It takes far less courage
to stir the ashes;

it takes much more wisdom
to stand and cast them

away...

once the ashtray
of love is full.

codajae

PinkieLee
11-16-2011, 04:24 PM
Phenomenal Woman
by Maya Angelou

Pretty women wonder where my secret lies.
I'm not cute or built to suit a fashion model's size
But when I start to tell them,
They think I'm telling lies.

I say,
It's in the reach of my arms
The span of my hips,
The stride of my step,
The curl of my lips.
I'm a woman
Phenomenally.
Phenomenal woman,
That's me.

I walk into a room
Just as cool as you please,
And to a man,
The fellows stand or
Fall down on their knees.
Then they swarm around me,
A hive of honey bees.

I say,
It's the fire in my eyes,
And the flash of my teeth,
The swing in my waist,
And the joy in my feet.
I'm a woman
Phenomenally.
Phenomenal woman,
That's me.

Men themselves have wondered
What they see in me.
They try so much
But they can't touch
My inner mystery.
When I try to show them
They say they still can't see.

I say,
It's in the arch of my back,
The sun of my smile,
The ride of my breasts,
The grace of my style.
I'm a woman
Phenomenally.
Phenomenal woman,
That's me.

Now you understand
Just why my head's not bowed.
I don't shout or jump about
Or have to talk real loud.
When you see me passing
It ought to make you proud.

I say,
It's in the click of my heels,
The bend of my hair,
the palm of my hand,
The need of my care,
'Cause I'm a woman
Phenomenally.
Phenomenal woman,
That's me.

SoNotHer
11-18-2011, 12:07 AM
Acquainted with the Night

by Robert Frost

I have been one acquainted with the night.
I have walked out in rain – and back in rain.
I have outwalked the furthest city light.

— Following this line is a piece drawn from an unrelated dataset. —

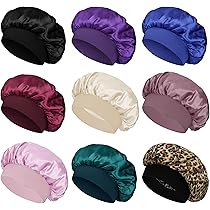 シルクスキン ボンネット Amazon.co.jp: サテンボンネット シルクヘアボンネット 睡眠用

I have looked down the saddest city lane.
I have passed by the watchman on his beat
And dropped my eyes, unwilling to explain.

I have stood still and stopped the sound of feet
When far away an interrupted cry
Came over houses from another street,

But not to call me back or say good-bye;
And further still at an unearthly height,
A luminary clock against the sky

Proclaimed the time was neither wrong nor right.
I have been one acquainted with the night.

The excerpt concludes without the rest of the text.